うちは片原町で酒屋を営んでいて、私の母がお酒や醤油の手配を請け負ったのがご縁で、川福さんとは高松出店当初からのお付き合いです。香川の醤油は黒いから、ダシに色がつかない兵庫県の白醤油をお薦めして…。代がかわってお付き合いはなくなりましたが、「川福」で修業したお弟子さんたちがのれん分けなんかでお店を出す時も、同じ銘柄を使っていたはずです。みりんなんかも、すごく小さい蔵元ですけど「ダシの味が変わるから」と言って、みんな同じものを使っていました。親方の味なんですね。
「川福」ご主人の竹川二矩男さんはいつも着物を着て、いかにも昔ながらの職人気質という、武骨な風体の方でした。「うちのうどんは塩がきいとるんや」とおっしゃって、おうどんも機械なんか使わずに包丁で切って。

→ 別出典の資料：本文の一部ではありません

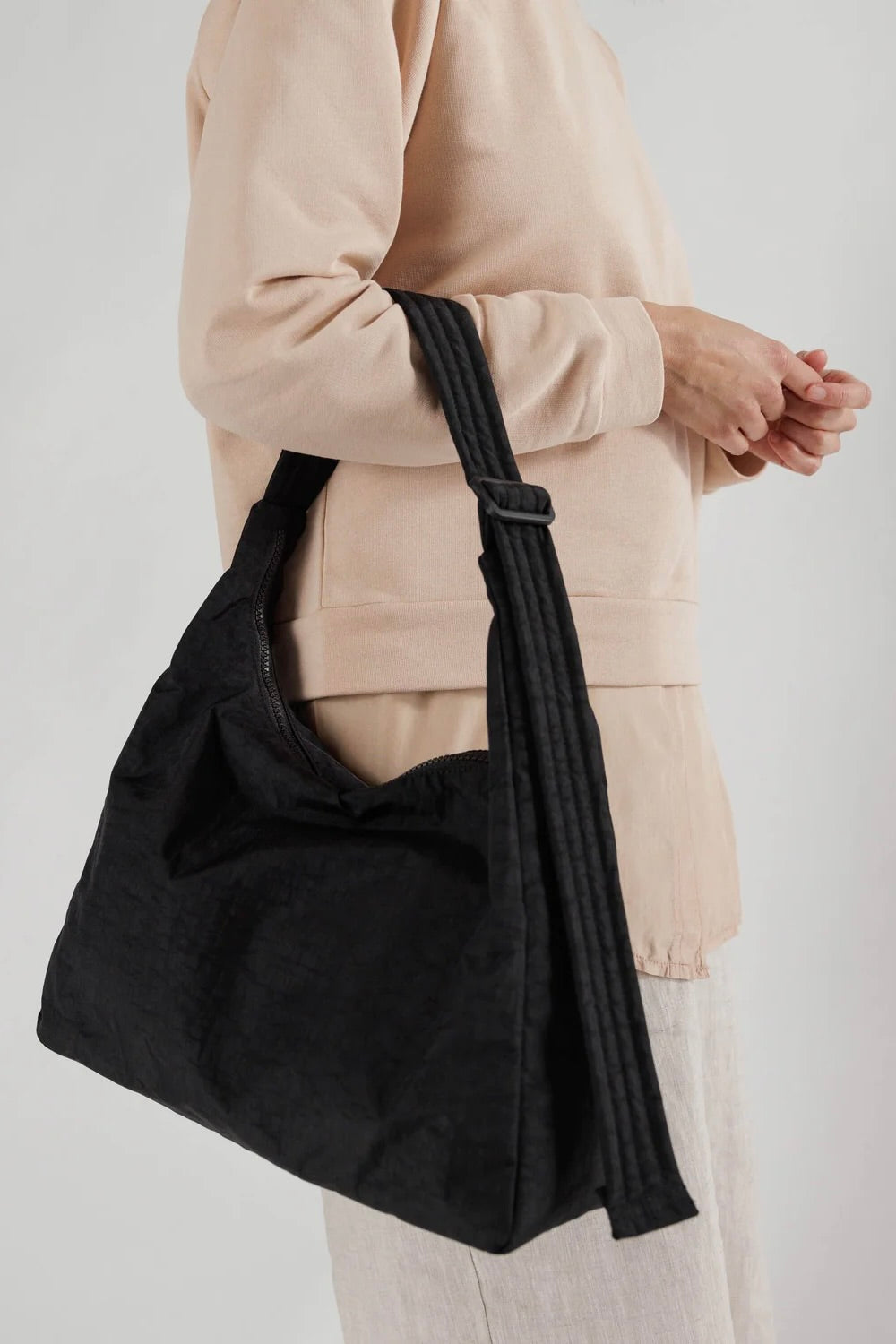 Baggu Nylon Shoulder Bag / Black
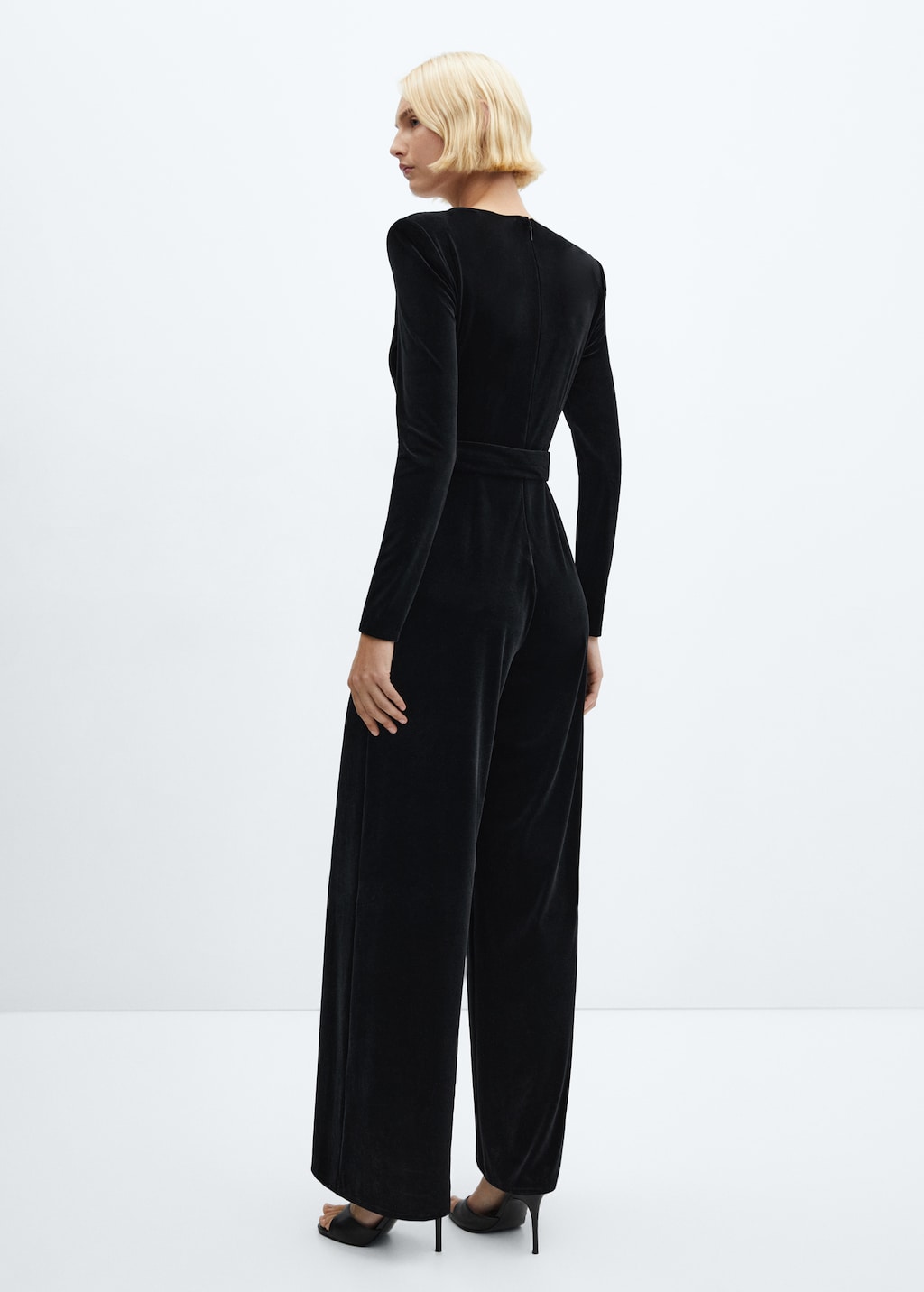 Velvet belt jumpsuit - Reverse of the article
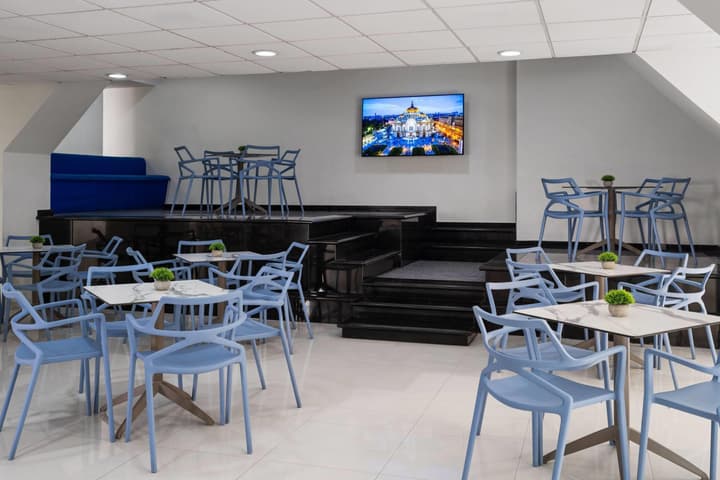 Hotel MX forum buenavista CDMX, Trademark by Wyndham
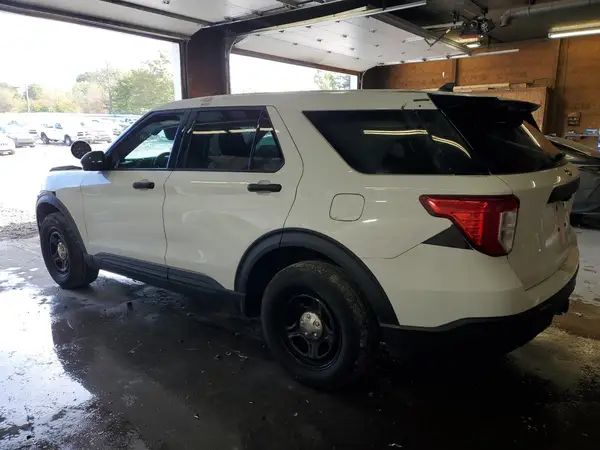 1FM5K8AB7NGB76763 2022 FORD EXPLORER - Image 2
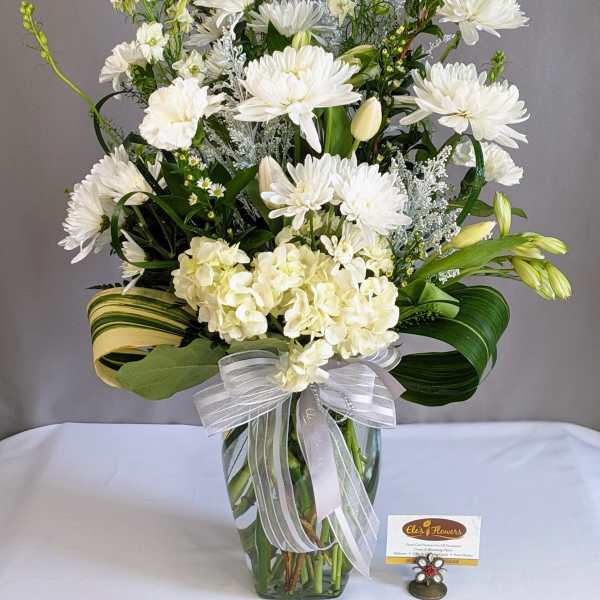Serene White - Sympathy Arrangement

すごくしっかりした方で、ライオン通りに移転した時も、夜のお商売ですから電気や水道は何かあった時にすぐ対応できなければ困るということで、「銭でない」といってすべて近所のお店で整えて。引退後もダシの様子などを確かめに店に顔を出しておられたのをよく覚えています。
もう一軒、近くにうどん玉を作っていたお店があって、そこのご主人は川福の竹川さんよりまだ年上だったんですが、「毎日打っていても満足のいくうどんが作れたことはほとんどない」と言っていたそうです。そのぐらい昔は、みんな職人さんだったんでしょうね。
西と東の習慣の狭間で…
東讃と西讃とではうどんを食べる習慣が違う、と言いますね。以前に一度、大変なことがありました。お葬式で焼き場へ行って、残る人以外は帰ってくるでしょう。私ともう1人がちょうど手伝いに行っていて、おうどんとお寿司か何かを作ったんです。長い机に、婿さんの親戚と嫁さんの親戚、西と東の2家が向かい合わせに座って、西の家の人はずるずる食べる。東の家の人は、まったく手をつけない。東の人が「長く続く」といって四十九日までは法事のうどんを嫌うのを知りませんでしたから、もうすっかり困って…。自分の親戚なら「そんなんこと言わんと…」と言えますけど、身内の人もいませんし、しゃしゃこ焼きに行った(お世話しに行った)2人が言えることでもないのでね。当時は私も真面目でしたね。今なら、長いものがダメなら、おうどん切ってやればよかったと思います(笑)。
こんぴらでは「嫁に行く時に麺棒提げて行け」と言っていたようですし、千疋の辺りの人に聞くと「常にはそんなにうどん打ったりせんけど、冬が来たらしっぽくするけん、そのために打ってた」そうです。私なんかは子どもの頃、うどんより団子汁でしたけど、田舎の人は打って寝かす手間を惜しまずうどん打ってたんですね。